Minggu, 25 November 2018

Tanggung Jawab

Ada orang yang mulai mendaki gunung karena diajak kerabat, ada juga yang mendaki setelah rasa penasaran tumbuh akibat melihat foto keindahan gunung, ada yang memulainya karena coba - coba. Tapi, saya mulai mendaki karena Ayah.

Ya begitulah semuanya terjadi, akibat rencana pendakian Gunung Lawu yang tertunda bulan September lalu akibat kebakaran hutan yang mengakibatkan jalur pendakian ditutup. Akhirnya, 22 November kemarin saya kembali ke Lawu untuk menuntaskan segalanya yang tertunda di bulan September. Tak banyak yang berubah, rekan pendakian saya masih ayah dan adik saya tak ada tambahan atau pengurangan apapun.

Setelah memesan tiket kereta jauh hari, selepas pulang beraktivitas saya langsung berangkat menuju Stasiun Pasar Senen untuk mengantar bunda dan adik - adik saya terlebih dahulu untuk naik kereta dari sana.

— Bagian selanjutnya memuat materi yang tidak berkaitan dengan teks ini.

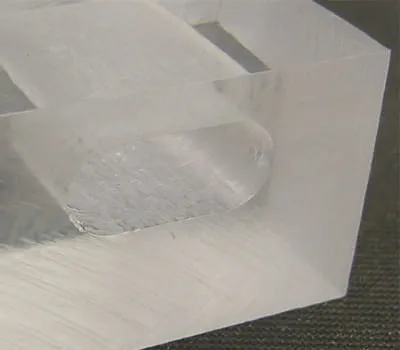 Skaidrus Plexiglas pjovimo kraštas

Sedangkan saya dan ayah menaiki kereta yang berbeda pada malam harinya dari Stasiun Gambir. Kereta sama - sama membawa kami menuju kota yang indah, Surakarta.

Akibat berangkat lebih dahulu, Bunda sampai di Surakarta terlebih dahulu dan langsung singgah di kediaman Mbah Tino yang kisahnya sempat saya ceritakan di sini ataupun di sini. Setelah itu saya dan Ayah sampai di Surakarta sekitar jam 5 pagi kemudian langsung bertolak pula ke kediaman Mbah Tino untuk istirahat sejenak sebelum melanjutkan pendakian. Di sana kami istirahat, sarapan, sekaligus berbenah diri sebelum melanjutkan perjalanan kembali.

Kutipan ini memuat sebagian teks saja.